* _YOUR INSTRUCTIONS_
With pictures removed, the data below should be returned exactly.

* _Short descriptive text snippets_
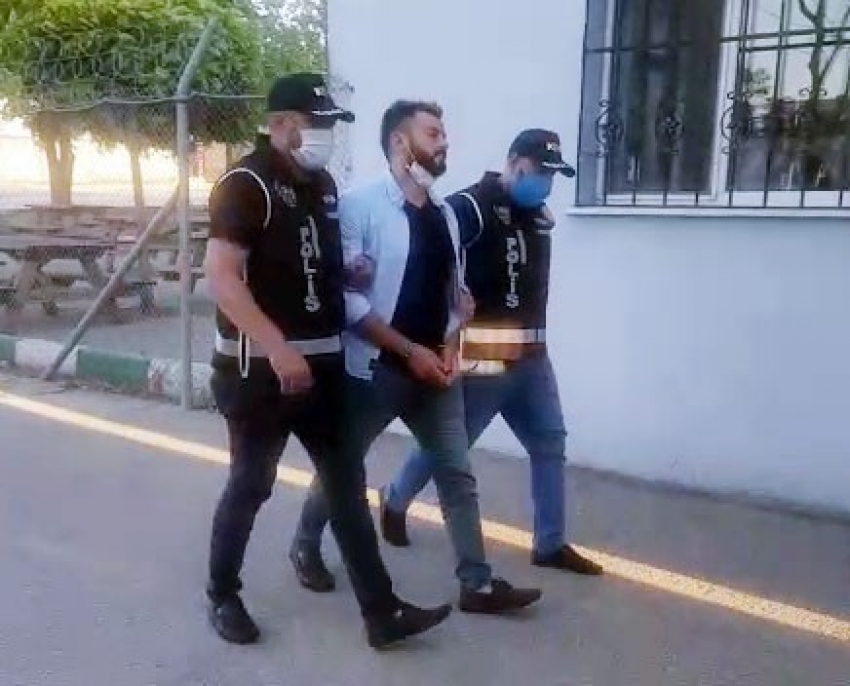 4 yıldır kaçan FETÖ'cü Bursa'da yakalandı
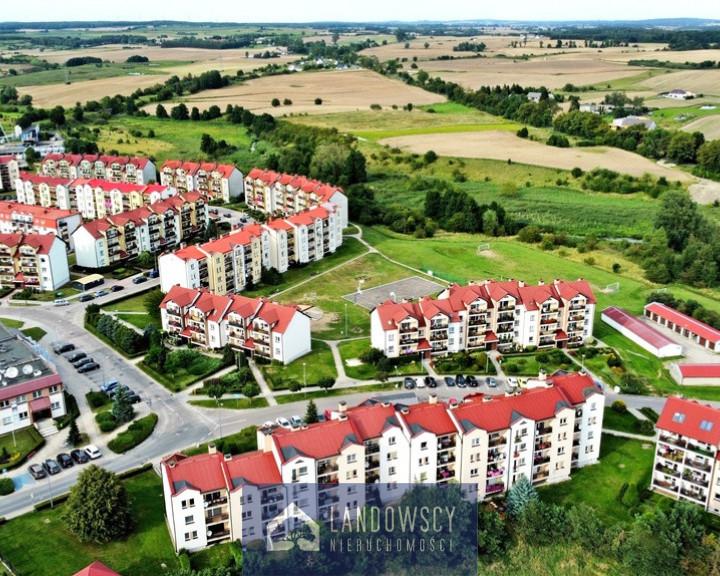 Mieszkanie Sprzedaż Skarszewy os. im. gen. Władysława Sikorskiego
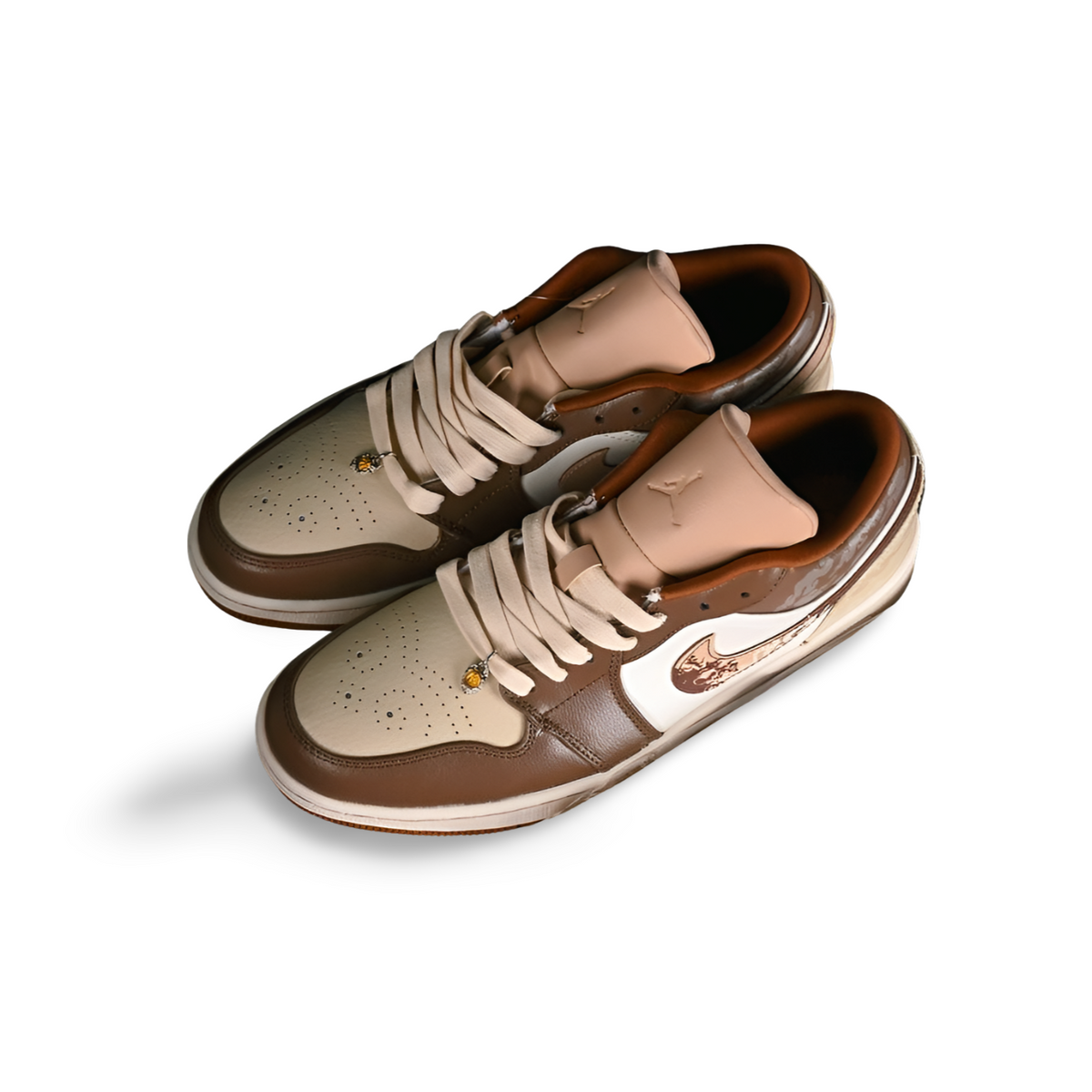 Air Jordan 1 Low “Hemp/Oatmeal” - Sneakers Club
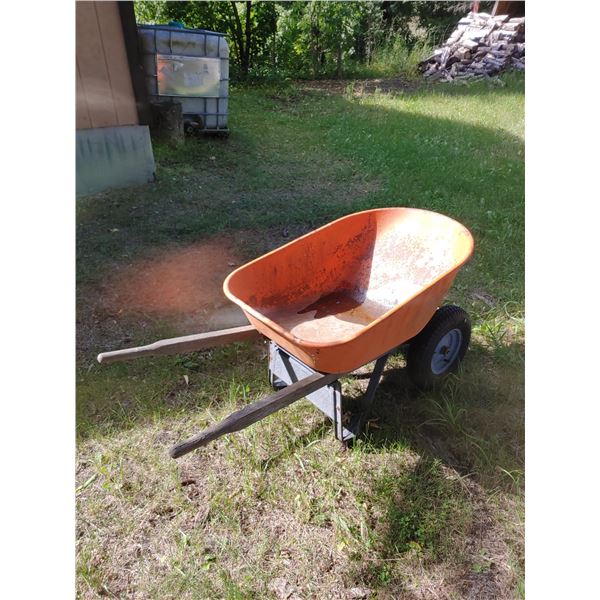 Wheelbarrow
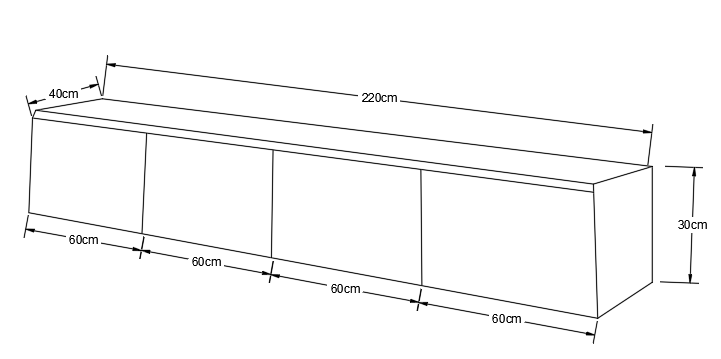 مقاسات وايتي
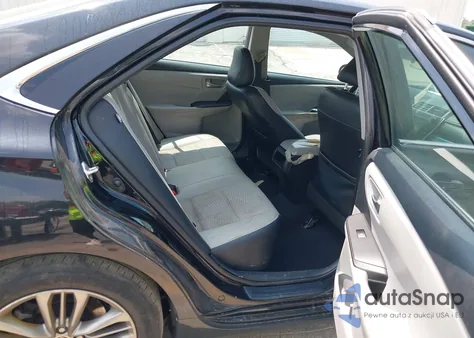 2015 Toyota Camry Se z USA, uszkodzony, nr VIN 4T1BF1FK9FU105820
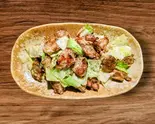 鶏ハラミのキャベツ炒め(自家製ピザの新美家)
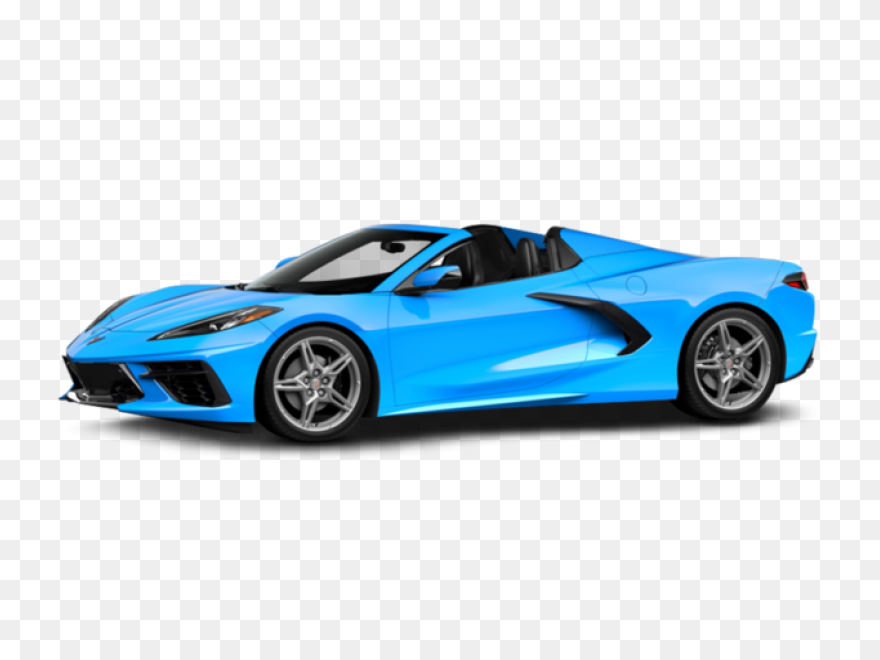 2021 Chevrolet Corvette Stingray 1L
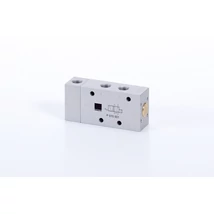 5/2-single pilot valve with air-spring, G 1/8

* _EXERCISE RESPONSE_
 4 yıldır kaçan FETÖ'cü Bursa'da yakalandı
 Mieszkanie Sprzedaż Skarszewy os. im. gen. Władysława Sikorskiego
 Air Jordan 1 Low “Hemp/Oatmeal” - Sneakers Club
 Wheelbarrow
 مقاسات وايتي
 2015 Toyota Camry Se z USA, uszkodzony, nr VIN 4T1BF1FK9FU105820
 鶏ハラミのキャベツ炒め(自家製ピザの新美家)
 2021 Chevrolet Corvette Stingray 1L
 5/2-single pilot valve with air-spring, G 1/8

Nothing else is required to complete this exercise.